Il convegno del 7 luglio a Levico sulla Primavera di Tashkent (di Matteo Gozzi)

Si è tenuto il 7 luglio 2018 presso la sede della Biblioteca Archivio del CSSEO (Centro Studi sulla Storia dell’Europa Orientale) a Levico Terme il Convegno di studi “La primavera di Tashkent, l’Uzbekistan si apre al mondo”. L’evento ha visto la partecipazione di esperti dell’area appartenenti a diverse discipline di studio, che hanno offerto una panoramica del paese centroasiatico dal punto di vista storico, geopolitico, socioeconomico, commerciale e letterario.
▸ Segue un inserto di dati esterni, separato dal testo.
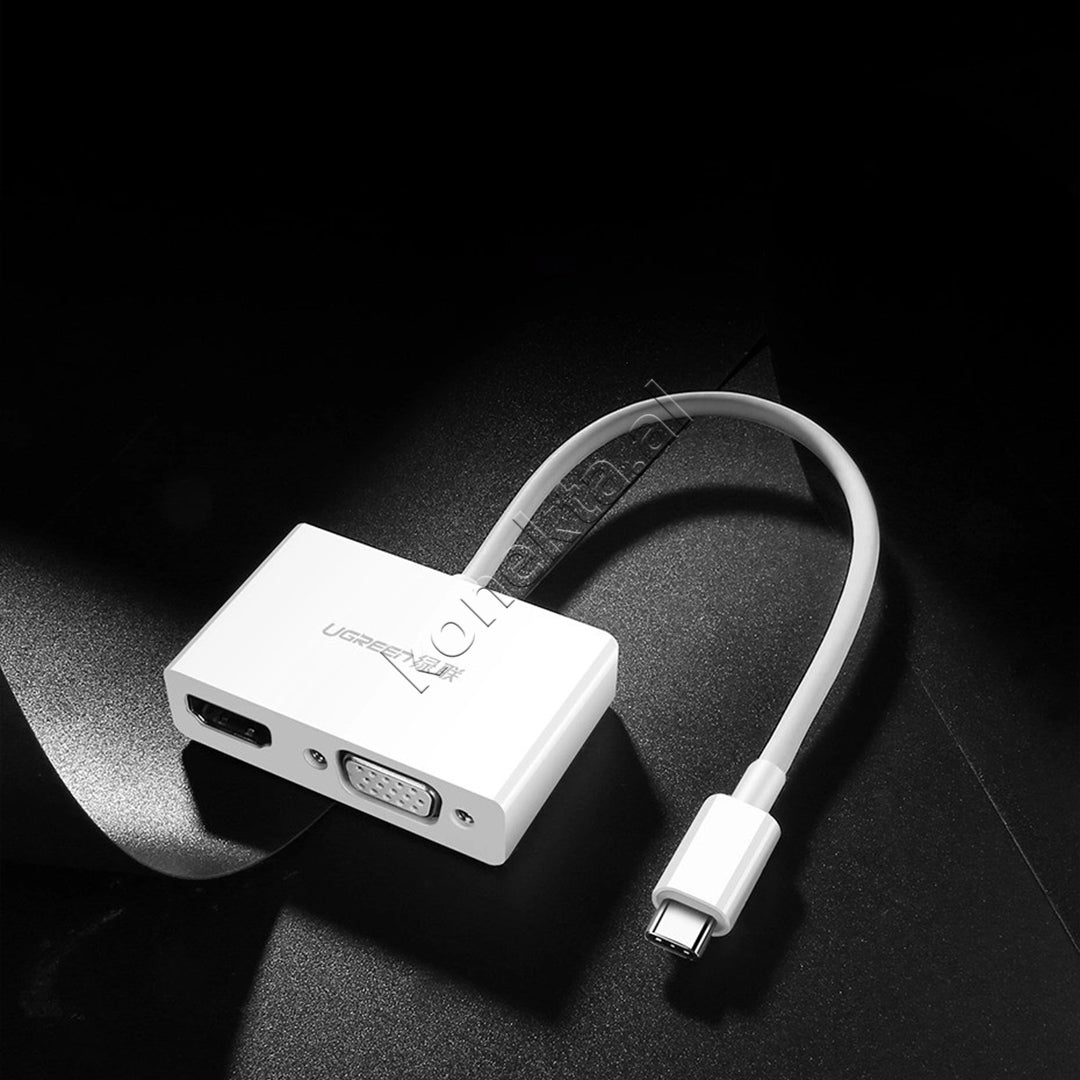 Kabell USB-C (M) Ne HDMI + VGA Ugreen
L’intervento inaugurale del convegno è stato tenuto dallo storico Fernando Orlandi, che dal 1991 dirige il centro di studi. Il suo discorso è stato incentrato su una rivalutazione del ruolo che l’élite uzbeka ebbe nella nascita dell’Uzbekistan come Repubblica Federale all’interno dell’Unione Sovietica. Sebbene nel dibattito storiografico domini l’idea che la suddivisione dei territori dell’impero zarista da parte del governo sovietico abbia risposto a rigidi criteri etnolinguistici, sostiene Orlandi, la visione del mondo e le aspirazioni della classe dirigente uzbeka giocarono in realtà un ruolo significativo, determinando di fatto, tra le altre cose, alcuni dei successivi contrasti nella regione.
Fabio Indeo, ricercatore della NATO Defense College Foundation a Roma, ha invece trattato la politica estera uzbeka in relazione alla sicurezza e alla cooperazione regionale. Uno dei cardini dell’apertura del paese promossa dal presidente Mirziyoyev è infatti una maggior cooperazione con gli altri governi regionali, ma tale politica necessita inevitabilmente di una maggior porosità dei confini orientali e sud-orientali del paese, tra i quali quello con l’Afghanistan, e di conseguenza di una strategia di sicurezza che tenga conto, oltre che della minaccia rappresentata dall’integralismo islamico, anche dalle conflittualità emergenti da un’iniqua distribuzione delle risorse dell’area (soprattutto nella valle del Fergana).
Davide Cancarini, giornalista e ricercatore indipendente, ha analizzato le possibili implicazioni della fine dell’isolazionismo uzbeko dal punto di vista geopolitico. Nella regione centroasiatica, ricca di risorse minerarie, gas e petrolio, hanno infatti interessi sia gli Stati Uniti, sia la Repubblica Popolare Cinese, sia la Federazione Russa. L’Uzbekistan deve quindi pianificare le sue politiche in modo da trarre il massimo vantaggio dalle rivalità di queste potenze (e soprattutto in modo da non provocarne l’ira).
Eugenio Novario, avvocato tributarista ed editore della newsletter online di notizie economiche e geopolitiche Eurasian Business Dispatch, si è concentrato sulla cospicua attività di riforme economiche promossa dal presidente Mirziyoyev, evidenziando come esse abbiano le potenzialità per favorire lo sviluppo delle relazioni industriali tra l’Uzbekistan e l’Europa (l’Italia in particolare) e mettendo in luce le criticità di queste ultime e le opportunità per le aziende del nostro paese nei diversi settori del tessuto produttivo uzbeko.
Infine, il turcologo Ermanno Visintainer ha fornito una panoramica della letteratura uzbeka attraverso i testi di autori classici e contemporanei, mettendo in risalto le varie componenti che in essa trovano voce: dalla matrice persiana alla turchizzazione dell’epoca qarakhanide, passando per la letteratura chatagay dell’epoca timuride e il realismo socialista del XX secolo, fino ai giorni nostri, nei quali sembra emergere la consapevolezza di un’identità uzbeka rinnovata in seno al bacino culturale turcico.
Tutti questi interventi, insieme a quelli di Claudia Palazzo (MIREES, Forlì) e Michele Brunelli (Centro Studi sul Caspio e Università di Bergamo), confluiranno in una pubblicazione che vedrà le stampe nei prossimi mesi. Nel frattempo non possiamo che osservare come l’impetuoso corso degli eventi scatenato dall’avvento della presidenza Mirziyoyev continui a progredire, innescando nel paese dei cambiamenti dall’esito ancora incerto, ma dei quali sembra già impossibile invertire la rotta.